▶ [Your objective]:
The output should contain the listing word for word and no pictures.

▶ [Material provided]:

Start of Block

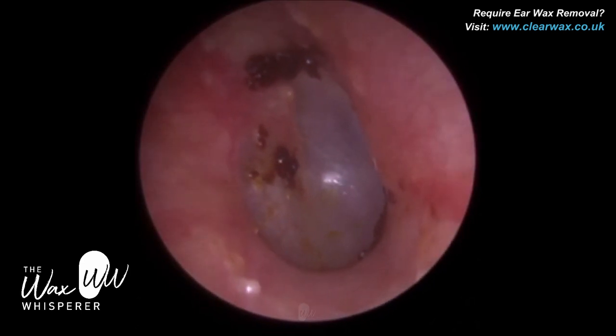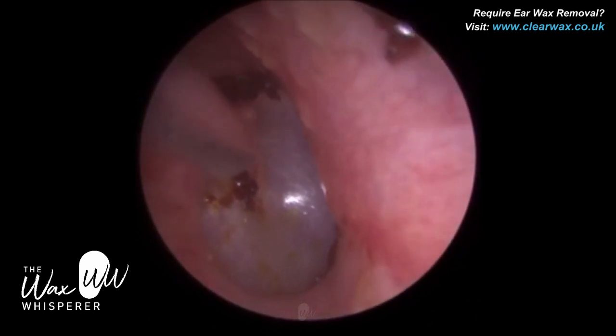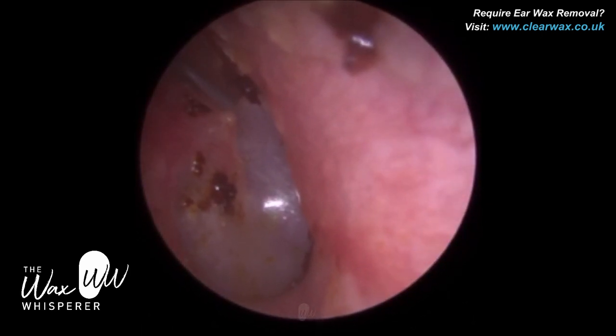So there's still just a little bit now. The patient's symptoms were more or less alleviated at this point. Because the patient is very still and I felt very confident, I thought, let me just get this wax off the attic.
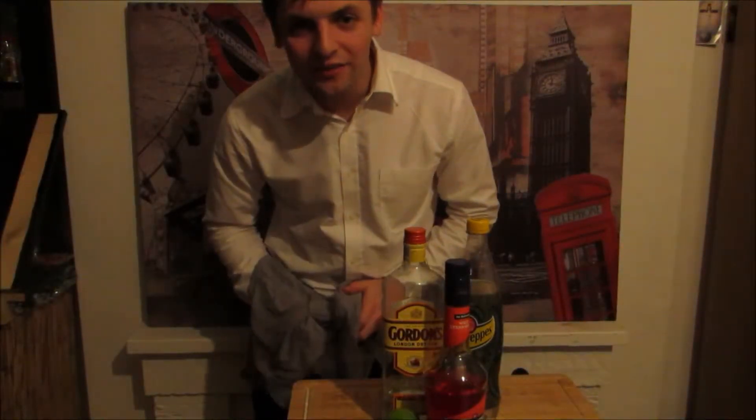Hello guys, welcome to Loon Show. Today we're gonna perform Cocktail Redman.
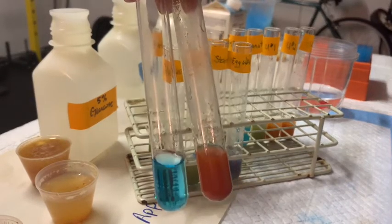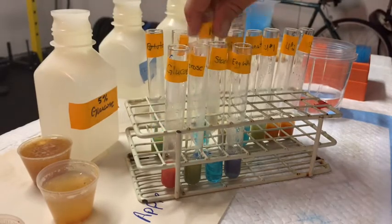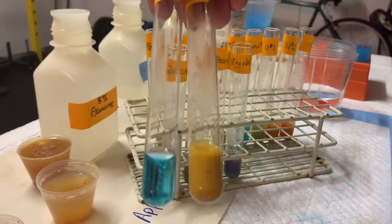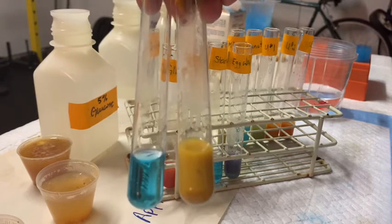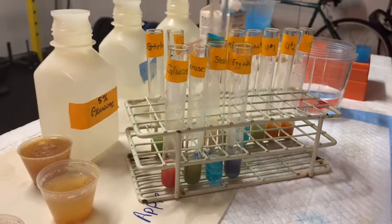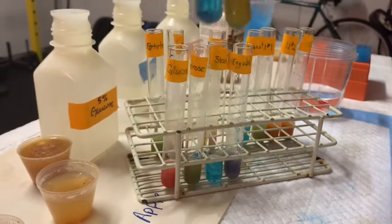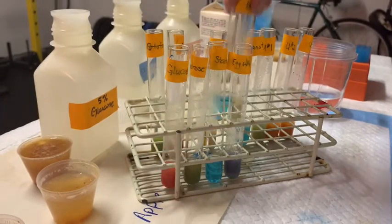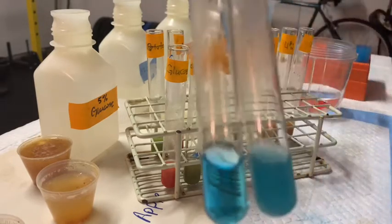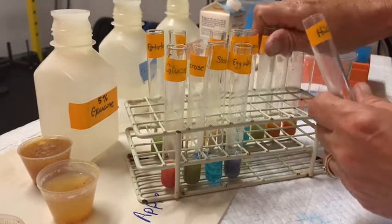The apple is nice and red, which makes sense because apples are relatively sweet, so there's probably a good amount of glucose. The onion — a sweet onion — shows a yellowy-orange color, again indicative of the presence of at least one monomer being a reducing sugar. Milk shows a greenish color, which is a positive reaction. The peanut butter — organic peanut butter — is still blue, so I wouldn't really expect it to have too many sugars.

End of Block

▶ [Exercise output]:
So there's still just a little bit now. The patient's symptoms were more or less alleviated at this point. Because the patient is very still and I felt very confident, I thought, let me just get this wax off the attic.
Hello guys, welcome to Loon Show. Today we're gonna perform Cocktail Redman.
The apple is nice and red, which makes sense because apples are relatively sweet, so there's probably a good amount of glucose. The onion — a sweet onion — shows a yellowy-orange color, again indicative of the presence of at least one monomer being a reducing sugar. Milk shows a greenish color, which is a positive reaction. The peanut butter — organic peanut butter — is still blue, so I wouldn't really expect it to have too many sugars.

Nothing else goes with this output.